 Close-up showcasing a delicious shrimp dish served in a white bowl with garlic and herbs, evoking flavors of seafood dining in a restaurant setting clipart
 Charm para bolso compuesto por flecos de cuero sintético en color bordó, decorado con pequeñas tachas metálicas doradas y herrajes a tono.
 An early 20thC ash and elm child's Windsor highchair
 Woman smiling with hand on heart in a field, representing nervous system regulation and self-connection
---
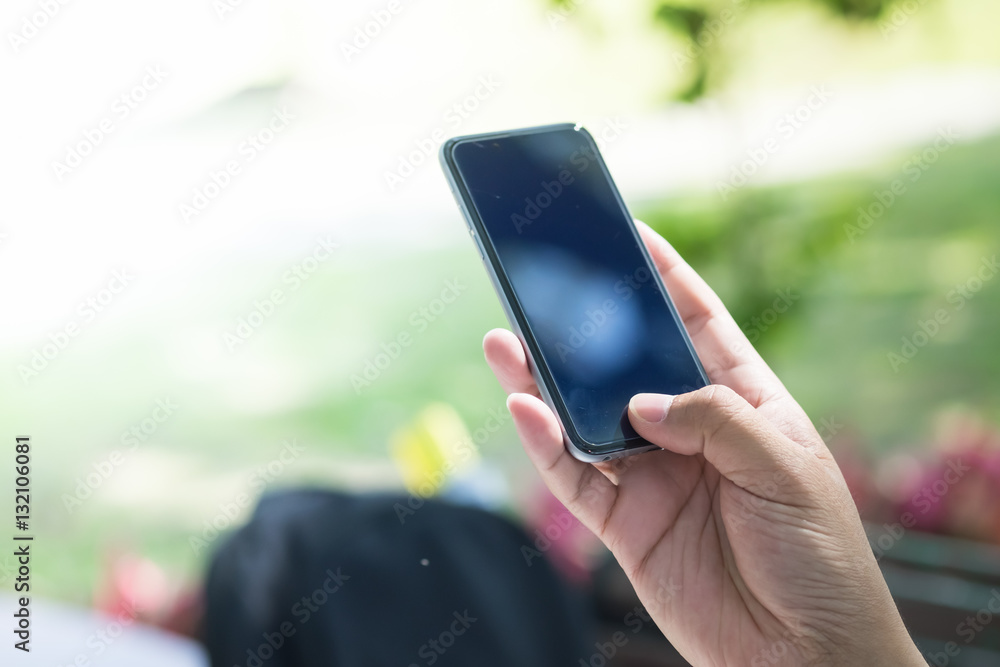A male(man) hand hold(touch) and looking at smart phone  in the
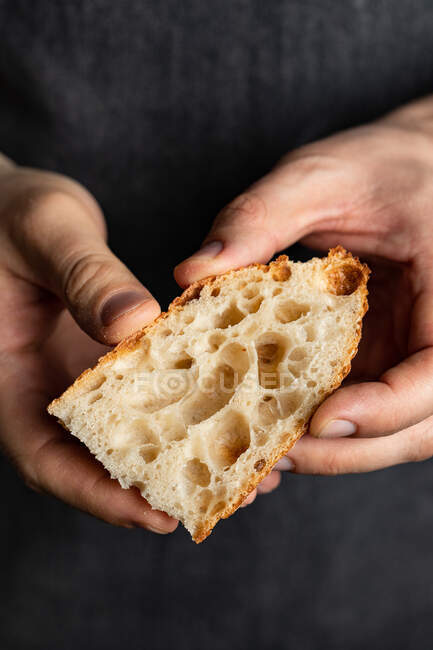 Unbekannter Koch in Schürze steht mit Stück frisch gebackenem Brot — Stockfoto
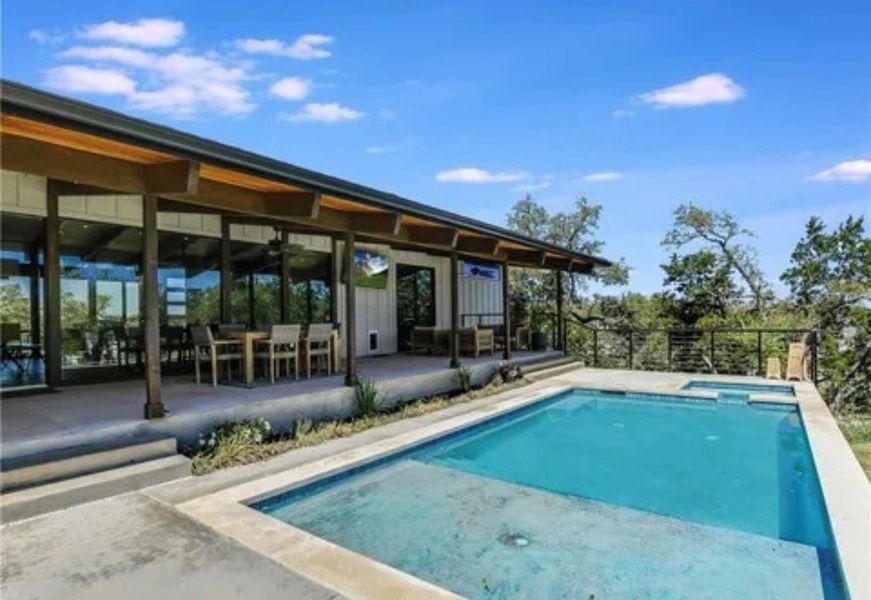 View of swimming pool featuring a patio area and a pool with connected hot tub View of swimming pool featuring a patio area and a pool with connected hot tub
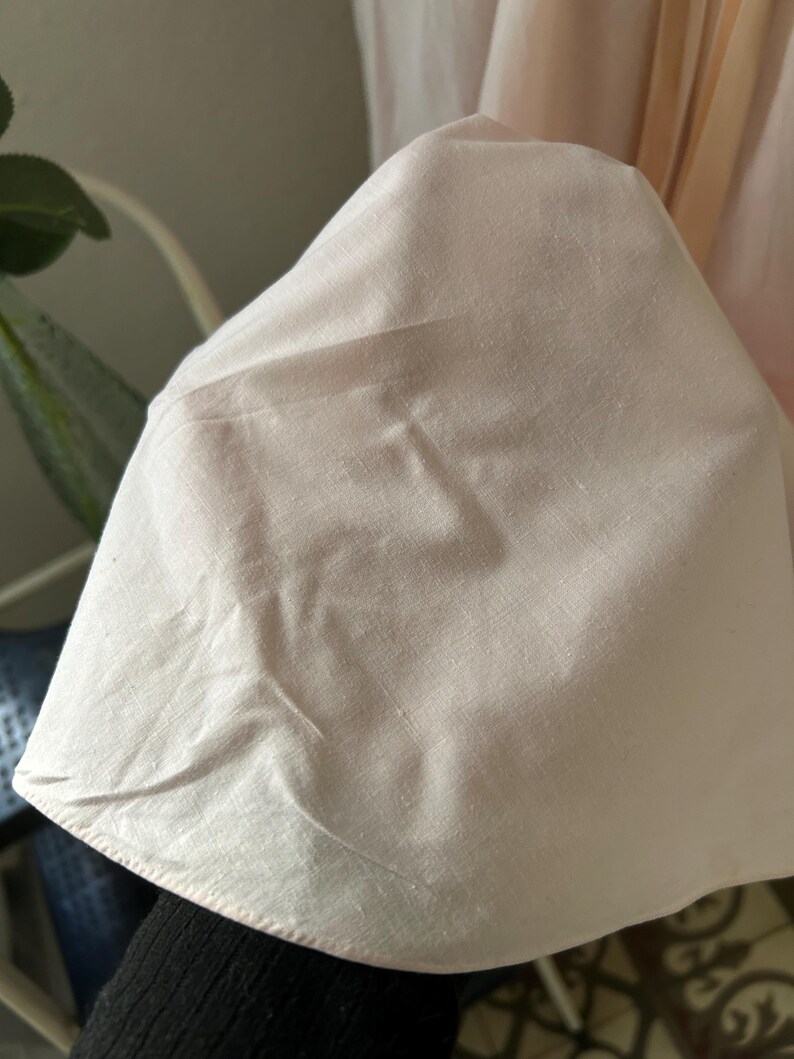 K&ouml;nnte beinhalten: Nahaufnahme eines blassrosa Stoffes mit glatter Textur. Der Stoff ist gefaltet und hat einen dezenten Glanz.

▶ **WHAT YOU SHOULD DO**
Reproduce verbatim only the segment of the listing bounded by the line containing "An early 20thC" and the line containing "Woman smiling with", with both boundary lines included.

▶ **SOLVED EXERCISE**
 An early 20thC ash and elm child's Windsor highchair
 Woman smiling with hand on heart in a field, representing nervous system regulation and self-connection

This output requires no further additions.